Aha. Reading the SHELL env var as the main point of guidance works for me, but still have a bit of nervousness about that solution though due to Apple choosing to act Very Weird however and only read profile.

Actually it looks like some apps will read .bashrc and some will read .bash_profile :facepalm: https://scriptingosx.com/2017/04/about-bash_profile-and-bashrc-on-macos/

In that case there doesn't seem to be a good way to choose only a single file, since it's not even dependent on the _shell_ but on the terminal emulator. IMO (as someone who isn't part of rustup and doesn't have to deal with angry users :P) this seems like too much of an edge case to support.

Note also that this is a bit of an unbounded problem in that anyone can write a shell and ask you to support it, for example fish has a different syntax from bash has a different syntax from tcsh.

Yes, that is why I formulated an intention of detecting *_apple_darwin environment and doing something different there.
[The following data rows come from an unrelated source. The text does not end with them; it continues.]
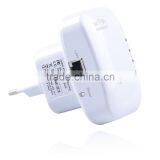 Network Routers 300Mbps 802.11 Wifi Repeater Wireless-N AP Range Signal Extender Booster EU Plug wi fi thumbnail-4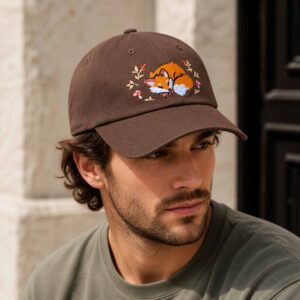 Fox Brown Dad Hat 1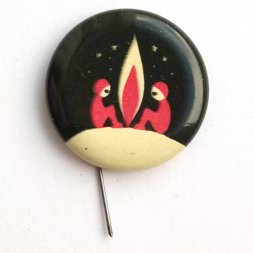 Значок-иголка Космос СССР (тип 3)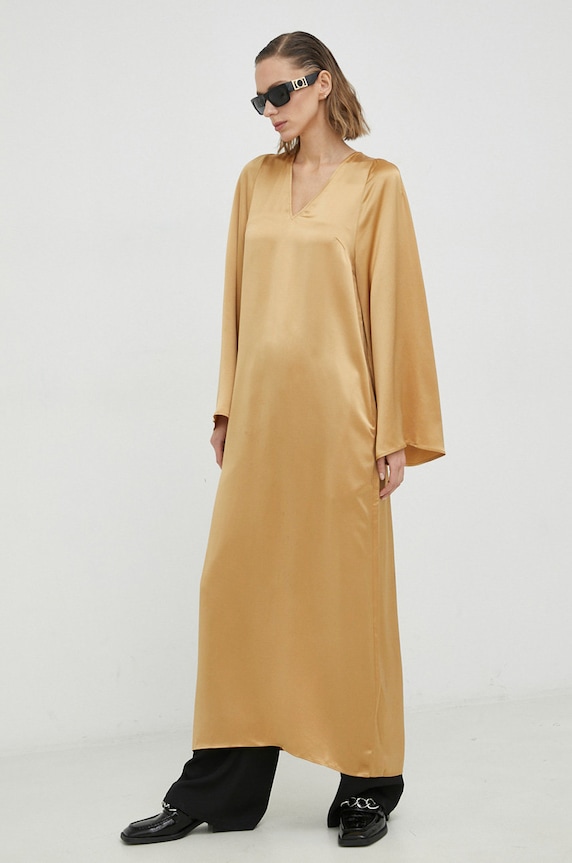 By Malene Birger sukienka Brynn casual żółty Q70365012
And I am not a part of wg-rustup either! Yet I am working on fixing it, because no one else has, as wg-rustup effort has mostly been tied up in other tasks. Almost like it's some sort of community-project driven forward mostly by the effort of volunteers! :sweat_drops:

I'd suggest that the best thing we could do would be to make .cargo/env be idempotent (i.e. if you source it more than once, it doesn't add itself to the path over and over) and then simply add instructions to source it from as many places as possible (.bashrc .bash_proifile .profile .zshenv etc)

OK, so apparently MacOS does something different now as of Catalina. I asked a MacOS Catalina user to go over their stuff and for their Terminal.app, their .zshrc was consistently sourced, both by their default and brew installed zsh, and so was their .bashrc (when loading bash). This was universal across all of their terminal apps, actually. As a result I am inclined to think that prioritizing rcfile manipulation (over *profile manipulation) and merely adding an additional caution to Mac users is sufficient, rather than special-casing their behavior overmuch.
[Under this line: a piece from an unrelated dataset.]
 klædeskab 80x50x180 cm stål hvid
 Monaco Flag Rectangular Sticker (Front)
I was examining an offered example, another project (starship) handles a similar problem by having an init binary which is eval'd and returns appropriate shell commands. This is slightly spooky to me, but on the other hand it would allow .cargo/env to not become split into several different shell scripts, and to have inspecting the path variable to see if it needs the path added be handled by a Rust program (so it can just use std::env to check the shell's paths, and then decide to not emit shell commands), so it could be a maintenance boon.

Here's the results of my investigation of {rc,pro}file usage over the suite of shells that commonly come with Rust supported platforms. I will be including a further expansion of my reasoning in my actual commits, but I thought I would leave the notes here in case some other poor benighted soul trawls this issue.

# POSIX, Non-Specified
/etc/profile
~/.profile

# Bash, Login
/etc/profile
~/.bash_profile || ~/.bash_login || ~/.profile
# Bash, Interactive Non-Login
~/.bashrc

# zsh, Always
/etc/zshenv
($ZDOTDIR | $HOME)/.zshenv
# zsh, On Interactive
($ZDOTDIR | $HOME)/.zshrc
# zsh appears to source .zshrc in interactive shells, even login shells.
# So .zprofile is irrelevant.

# tcsh, Always
/etc/csh.cshrc
~/.tcshrc || ~/.cshrc 

We should probably figure out how to play nice with nushell at some point.

ion shell is the shell for Redox which is a build target of Rust, so I would prioritize that over Nushell, tbh. I don't intend on handling either though (for this anyways).

OK, should be finishing up here soon after Suddenly, Learning More About Modules while I was futzing with refactoring things, but for note to the future: reading $SHELL won't work here because rustup-init.sh may pipe to a different shell than the user's default shell (this is, at minimum, the case on Debian systems).